Author Topic: Jobs die *instantly* when losing connection to license server  (Read 3449 times)

0 Members and 1 Guest are viewing this topic.

Offline asanchez

  • Heavy QuantumATK user
  • ***
  • Posts: 42
  • Country: ie
  • Reputation: 1
    • View Profile
When running jobs sometimes the computing nodes lose access to the license server: it has happened a couple of times lately that the machine running the license server gets rebooted.

In this event, the jobs running with ATK 2014.2 "survive" the license outage for a few minutes no problem whereas jobs running with ATK 2015.b2 die before the license server is back up.

When the license server comes back up the jobs are still showing in the PBS queue system but the computing nodes are idle, and of course there's a message in the standard output saying that the job has been "terminated after failing 3 heartbeats".

It would be very useful if ATK 2015.b2 worked in a similar way to previous versions in which you have a bigger time window to reconnect to the license server (or whatever the difference in behaviour is).

I have no control whatsoever on when the license server is going to reboot (mostly it gets rebooted due to someone making a mistake so it's not something planned) and it's very inconvenient having to restart jobs when this happens. Particularly since it doesn't happen with ATK 2014.2 (or all of the previous versions I've ever used)

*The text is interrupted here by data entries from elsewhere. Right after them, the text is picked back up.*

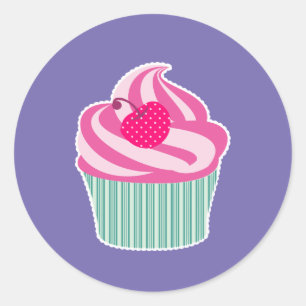 Pink Cupcake mit Polka Dot Cherry Runder Aufkleber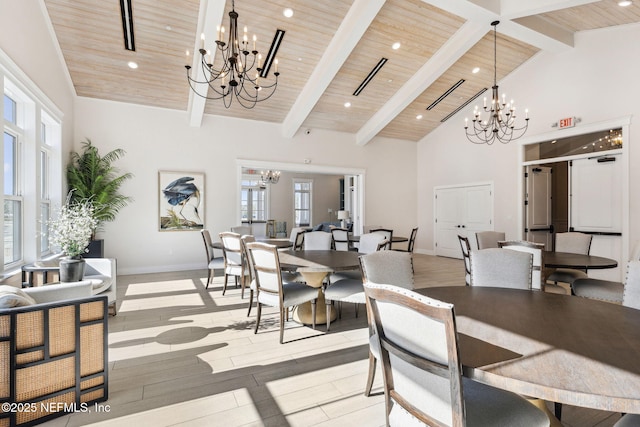 dining area featuring an inviting chandelier, wood ceiling, high vaulted ceiling, and beamed ceiling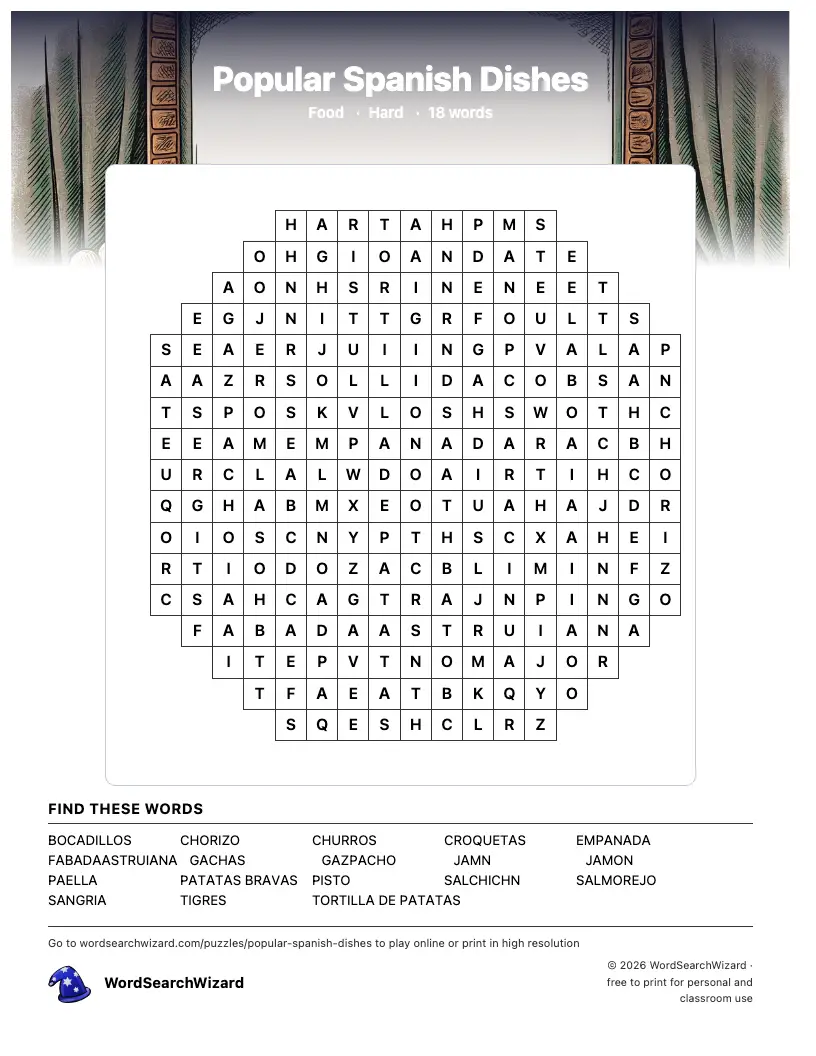 Popular Spanish Dishes word search printable sheet, 18 words to find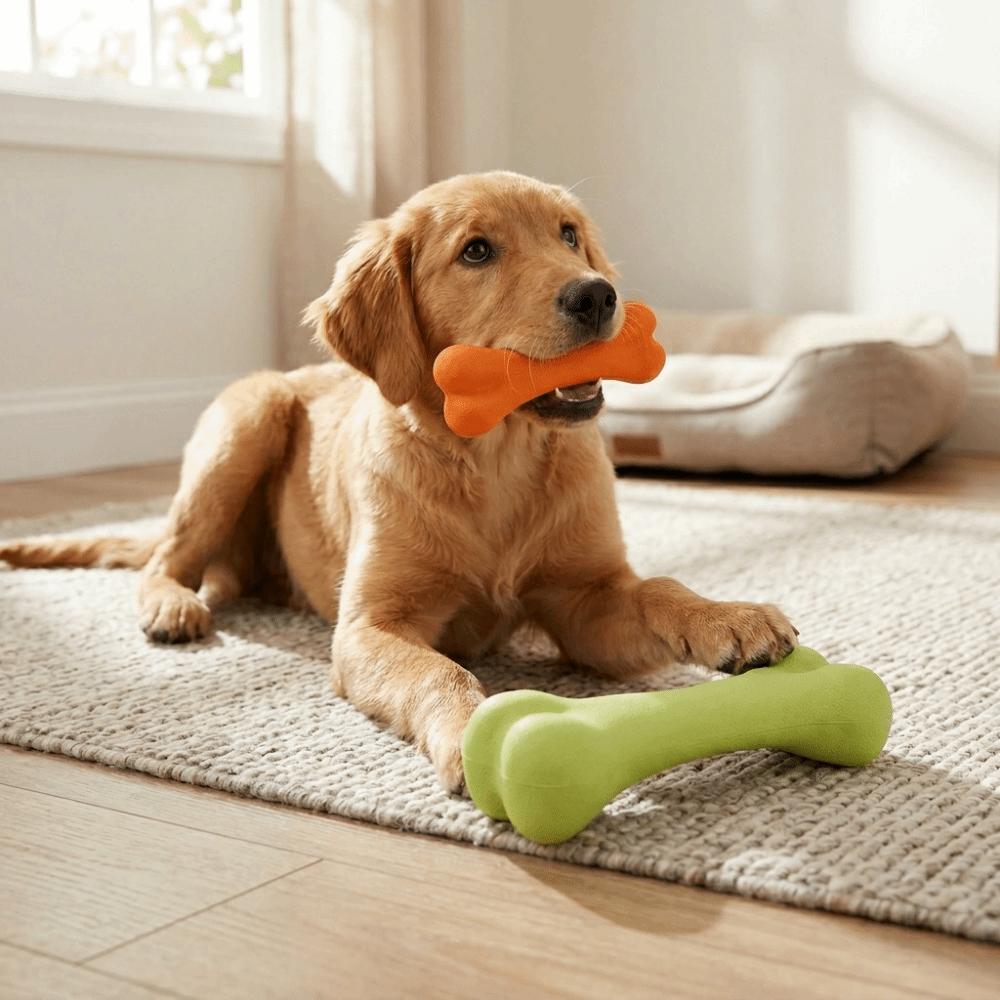 Wear Tough Bone Dog Toy Bone Shaped Snack Dispensing Toy Rubber Chew Toy Puppy Teething Care оранжевый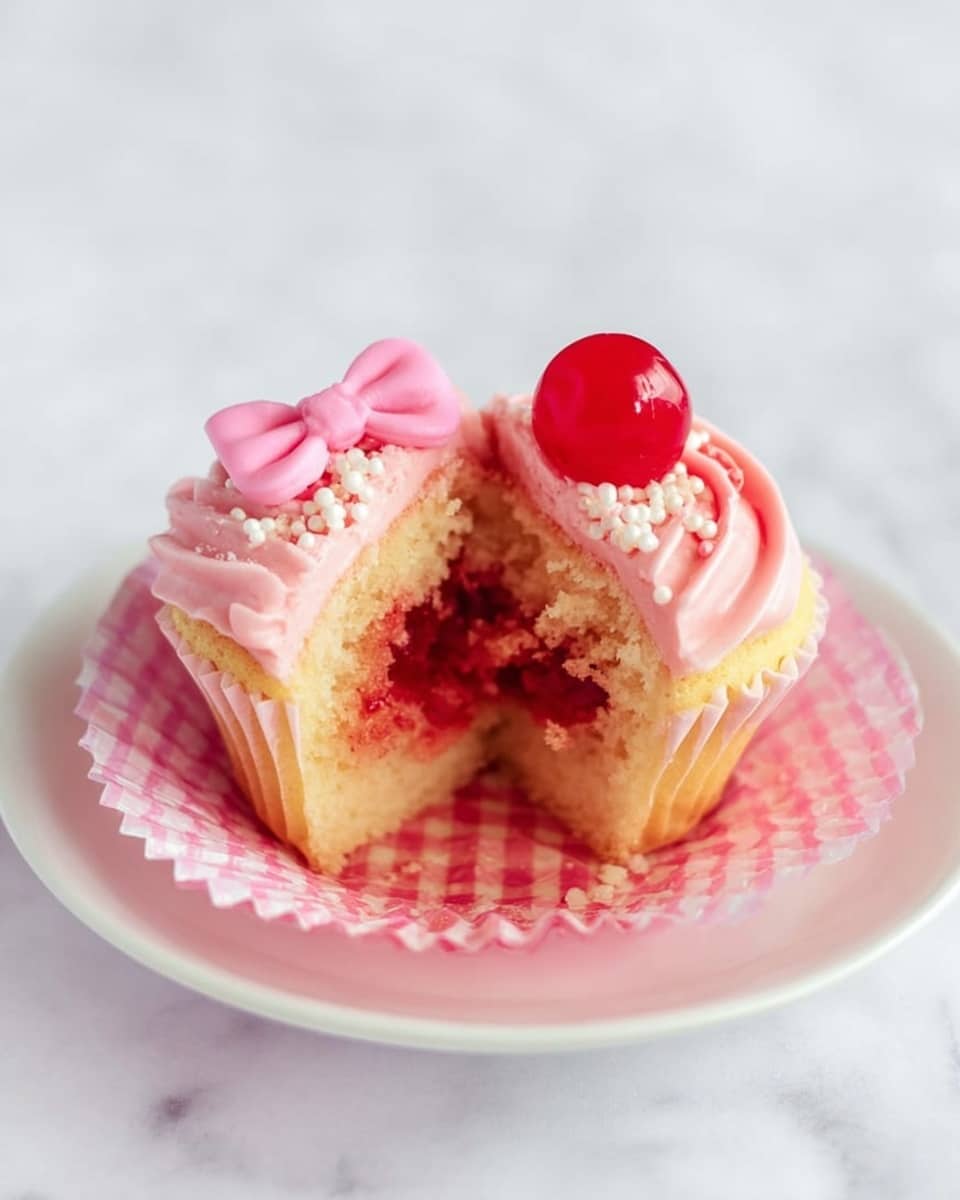 A cupcake cut in half sits on a white plate over a white marbled texture. The cupcake has two layers: the outside is a light yellow cake, and the inside is bright red filling. The top is covered with pink, swirled frosting decorated with small white sprinkles. On one half, there is a shiny red cherry and a pink fondant bow. The cupcake liner is pink with a checkered pattern. Photo taken with an iphone --ar 4:5 --v 7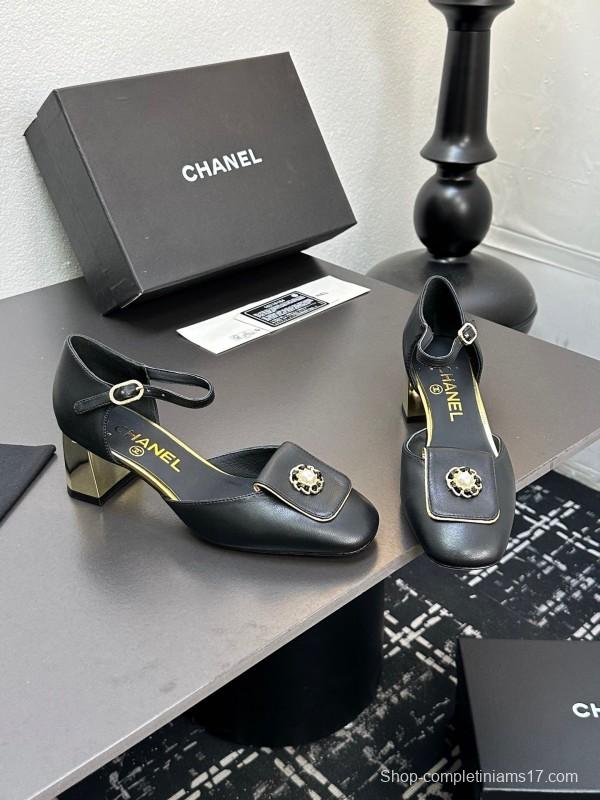 2025 Women CHANEL Black Leather Block Heel Metal Accent LY00360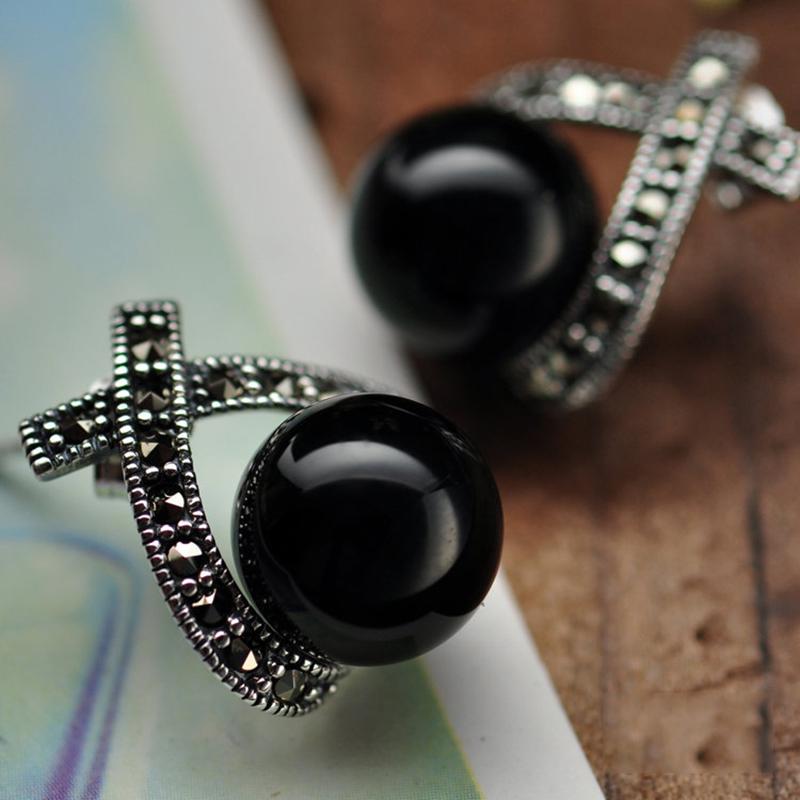 GQTORCH 925 Sterling Silver Earrings For Women Inlaid Black Onyx Round Beads Vintage Marcasite Cross Design Fine Jewelry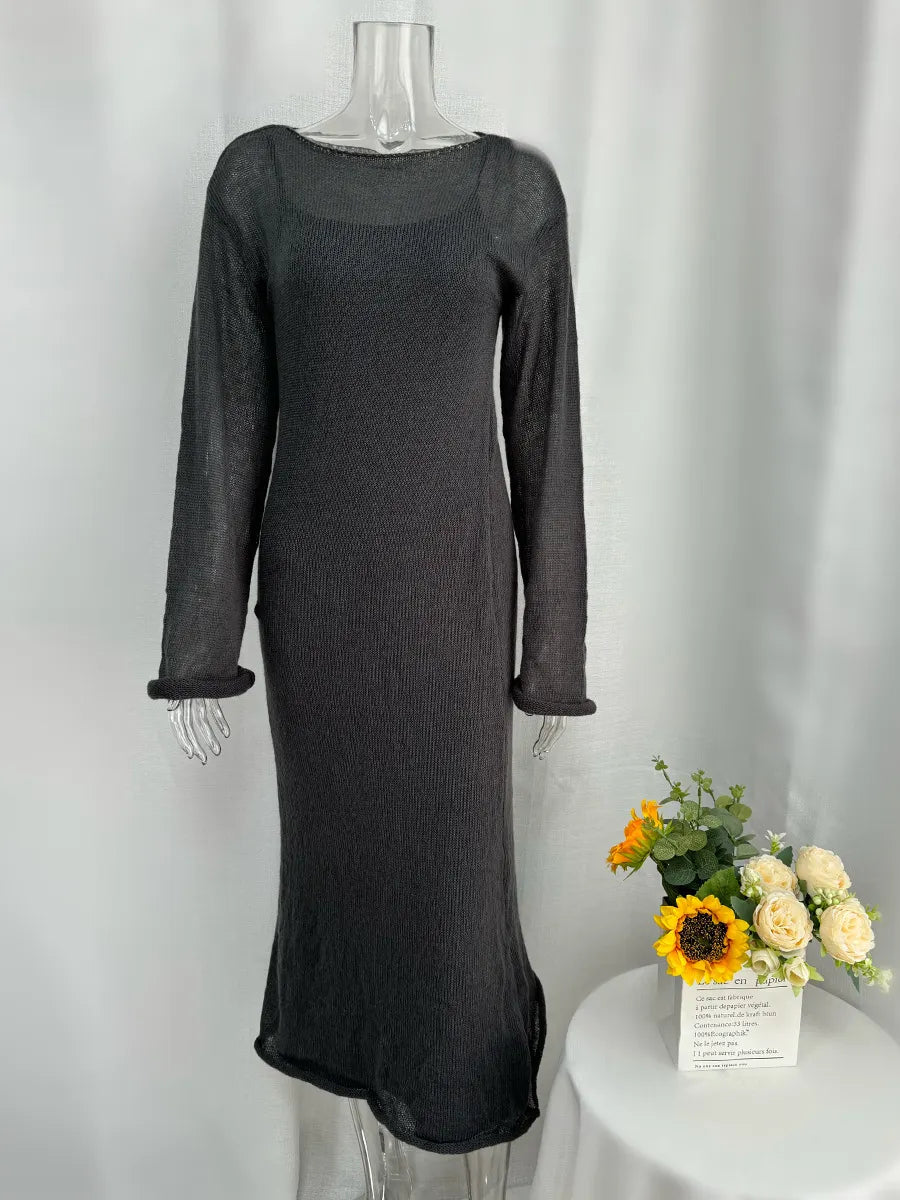 Light Pink Semi Sheer Knit Dress, Ladies Crew Neck Flared Sleeve Elegant Long Knit Midi Dress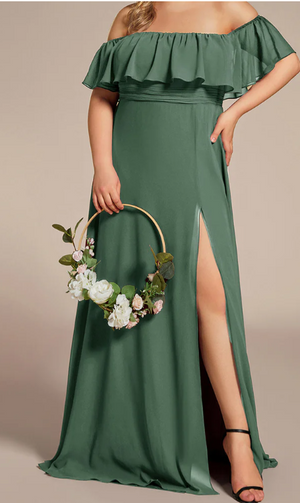 Mia Off Shoulder Ruffle Thigh Split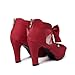 GATUXUS Open Toe Women Platform High Heel Shoes Bows Strappy Sandals (US 7, Red)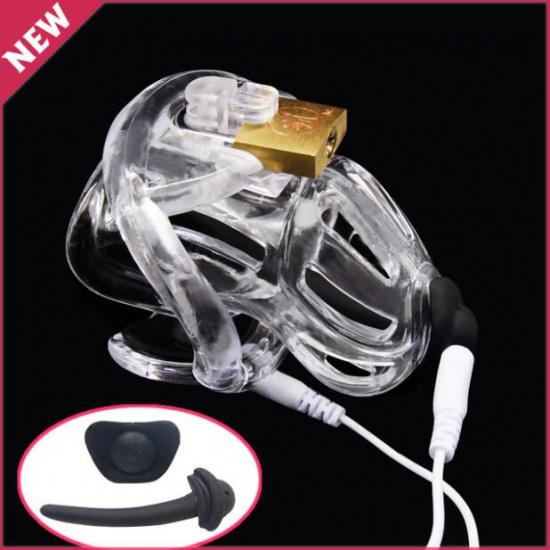 מכשיר צניעות חשמלי זכר, כלוב זין קורונה, עם טבעת פין בגודל 4, טבעת זין, חגורת צניעות, משחק למבוגרים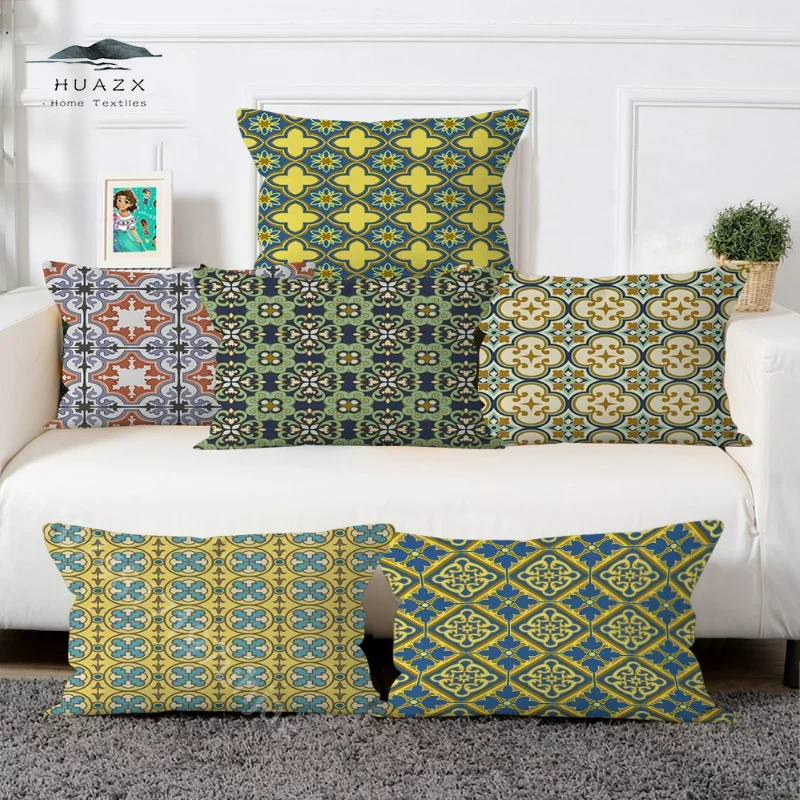 

European Retro Style Pillow Case Peach Skin Cushion Cover Backrest Chair Pillowcase Pillowcases Decorative Sofa Cushions Covers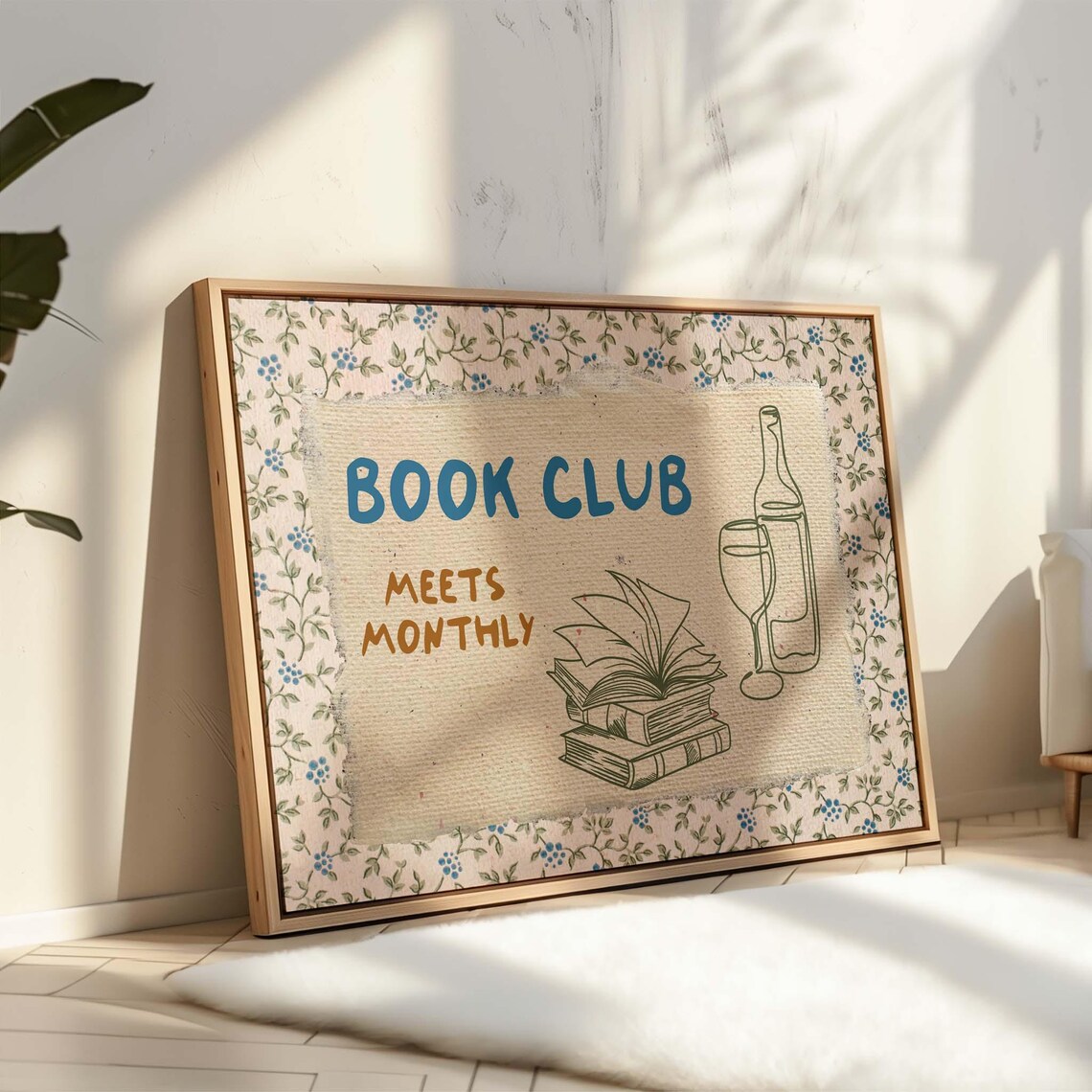 Book Club Meets Monthly Beige Linen Floral Border Reader Art Print - Image 5
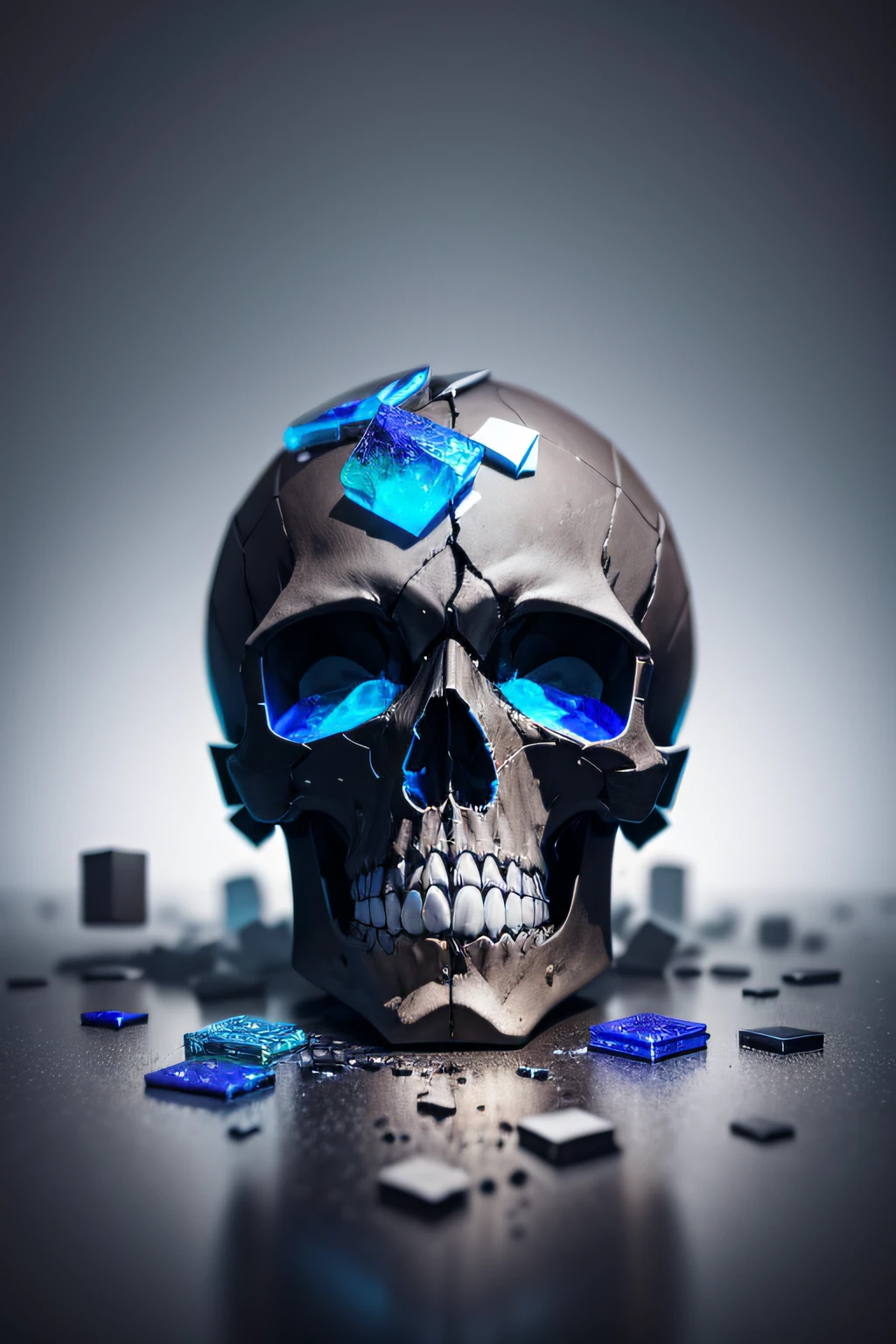 a skull made of glass shatters into thousands of pieces of magnificent color and texture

Not sure if this is the right subforum for this. Hope so!

Offline Anders Blom

  • QuantumATK Staff
  • Supreme QuantumATK Wizard
  • *****
  • Posts: 5405
  • Country: dk
  • Reputation: 89
    • View Profile
    • QuantumATK at Synopsys
Re: Jobs die *instantly* when losing connection to license server
« Reply #1 on: August 25, 2015, 13:31 »
I am not aware of any changes to the license system, so this should work precisely the same way in 2015 and 2014, meaning that you have a grace period of 3 heartbeats which are 120 seconds apart, before the connection to the license system is considered lost permanently. In practice, this means you have 4-5 minutes to reboot the server. (Actually, it looks in the code like we intended it to fail only after 5 heartbeats, not 3 - I think we will update this for the final 2015 release.)

Can you check the log file carefully, and see if there are lines saying "Connection to server [...] lost - trying to reconnect". It should appear at least twice. If not, do let me know, and we will check. Also look for any other "server" (or "Server") messages in the log, and let me know what you see.
« Last Edit: August 25, 2015, 13:49 by Anders Blom »

Offline asanchez

  • Heavy QuantumATK user
  • ***
  • Posts: 42
  • Country: ie
  • Reputation: 1
    • View Profile
Re: Jobs die *instantly* when losing connection to license server
« Reply #2 on: August 25, 2015, 14:46 »
The "Connection to server [...] lost" messages are there. Three times, with the last one indicating "terminated after failing 3 heartbeats".

But some jobs (2014.2) kept going even after this. The 2015.b2 jobs did die after showing this message. I also remember getting the three messages with the job not dying a few months ago with 2014.1 (this actually happened a few times IIRC). I guess the job dying is the intended behaviour anyway.

It'd be nice though if the window was a bit longer. Someone has to realise the node running the license server is down and then reboot it so probably 4-5 minutes wouldn't be enough in most cases. Admittedly I have no idea of the shortcomings of widening the time window to, say, 1 hr. But as a user in my specific situation I can say it would be very useful. I suppose for shorter jobs it wouldn't be a good idea as you could theoretically start the job and not need a license again if your job takes less than the hypothetical 1 hr.

I'm sure the proper solution is not having the license server shut down; and if it is rebooted that it be done in a controlled way etc. Alas, that is completely outside of my control and since I perceived a change in behaviour in the latest versions I thought I'd ask. I do realise the problem lies within our internal system and not the QW software.

Offline Anders Blom

  • QuantumATK Staff
  • Supreme QuantumATK Wizard
  • *****
  • Posts: 5405
  • Country: dk
  • Reputation: 89
    • View Profile
    • QuantumATK at Synopsys
Re: Jobs die *instantly* when losing connection to license server
« Reply #3 on: August 25, 2015, 15:08 »
Thanks for that information. Actually, the intention was to have 5 heartbeats and not 3 before failing, that would make it 8-10 minutes, some improvement at least. We may implement that change for 2015, but if the observation in 2014 was that the application didn't die even if the heartbeats expired, then I guess that was a bug...

I'm sure users would really appreciate if we didn't even have a license system ;) But in the end, as indeed you write, the license server should be a stable machine - if needed, I would recommend considering another server, like the machines holding user home directories (?).